The anti-terror unit of the Izmir police on Tuesday detained lawyer and human rights defender Kılıç together with 22 other attorneys as part of a witch-hunt targeting people linked to the Gülen movement.
“Turkey should release Taner Kılıç, who is a tireless defender of human rights, known for his support for Amnesty International over many years,” said Hugh Williamson, Europe and Central Asia director at Human Rights Watch. “Detaining Kılıç on suspicion of terrorist offenses looks like a tactic aimed at discrediting his legitimate human rights work.”
Kılıç is a founding member of AI Turkey and has been chairman of its board of directors since 2014. He has also played a strong role in advocating for refugee rights as a lawyer and with domestic nongovernmental groups and others working on these issues.
The European Union on Thursday expressed concern about the recent detention of Taner Kılıç.
“We call on the Turkish authorities to clarify the charges swiftly, in line with the standards of the European Convention on Human Rights and the case law of the European Court of Human Rights,” the spokesperson for European Union External Action (EEAS) said in a statement published on their website.
In a similar statement on Wednesday, US State Department Spokesperson Heather Nauert said: “The United States is deeply concerned by the recent detention of Taner Kiliç, Chair of Amnesty International Turkey — the latest in a series of respected human rights defenders, journalists, academics, and activists detained in Turkey.”
A military coup attempt on July 15 killed over 240 people and wounded more than a thousand others.
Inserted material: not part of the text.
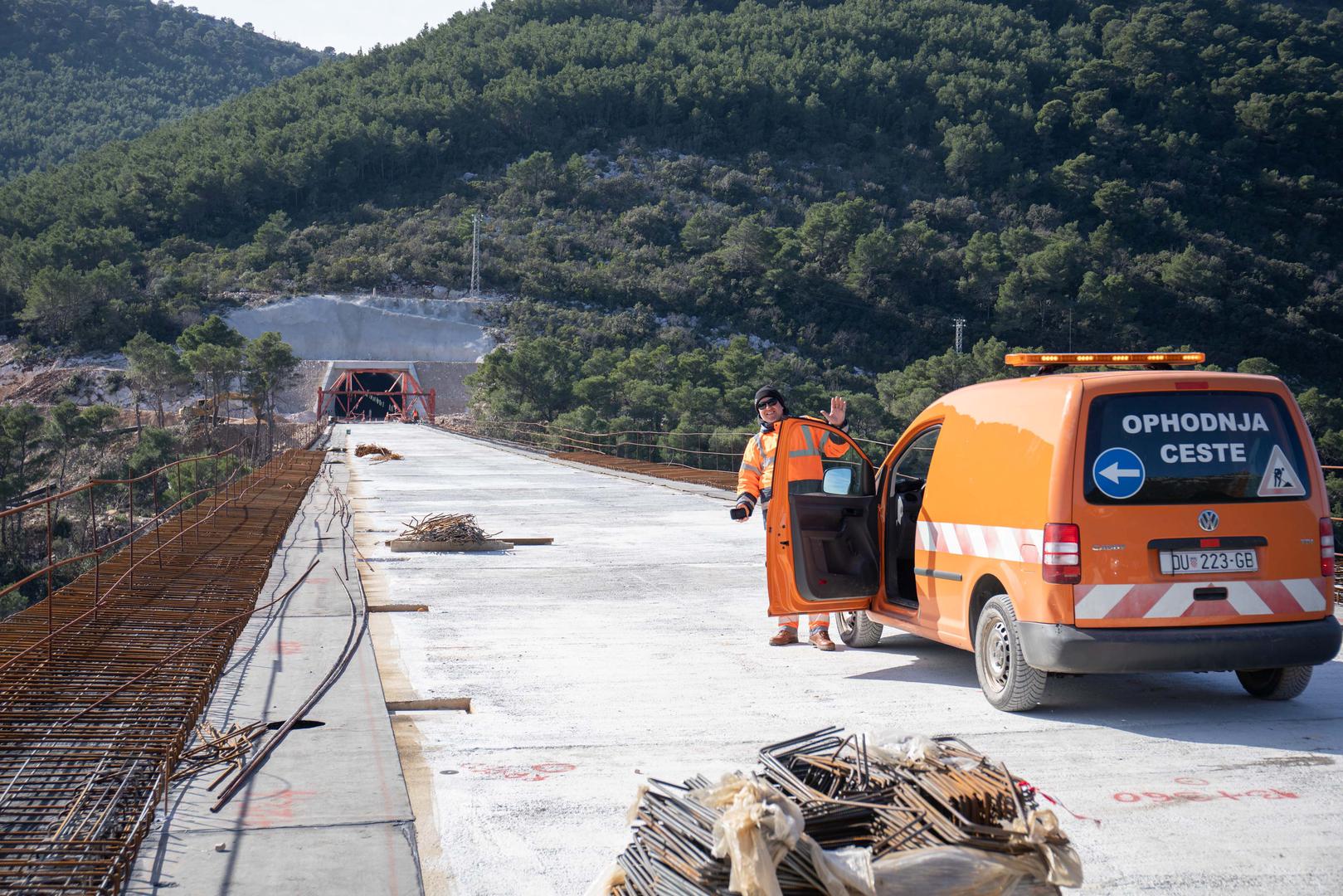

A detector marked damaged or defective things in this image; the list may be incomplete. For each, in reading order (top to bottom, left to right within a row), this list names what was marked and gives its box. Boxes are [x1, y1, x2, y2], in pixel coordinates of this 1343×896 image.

Immediately after the putsch, the Justice and Development Party (AKP) government along with President Recep Tayyip Erdoğan pinned the blame on the Gülen movement.
Fethullah Gülen, who inspired the movement, strongly denied having any role in the failed coup and called for an international investigation into it, but President Erdoğan — calling the coup attempt “a gift from God” — and the government initiated a widespread purge aimed at cleansing sympathizers of the movement from within state institutions, dehumanizing its popular figures and putting them in custody.
According to a report by the state-run Anadolu news agency on May 28, 154,694 individuals have been detained and 50,136 have been jailed due to alleged Gülen links since the failed coup attempt.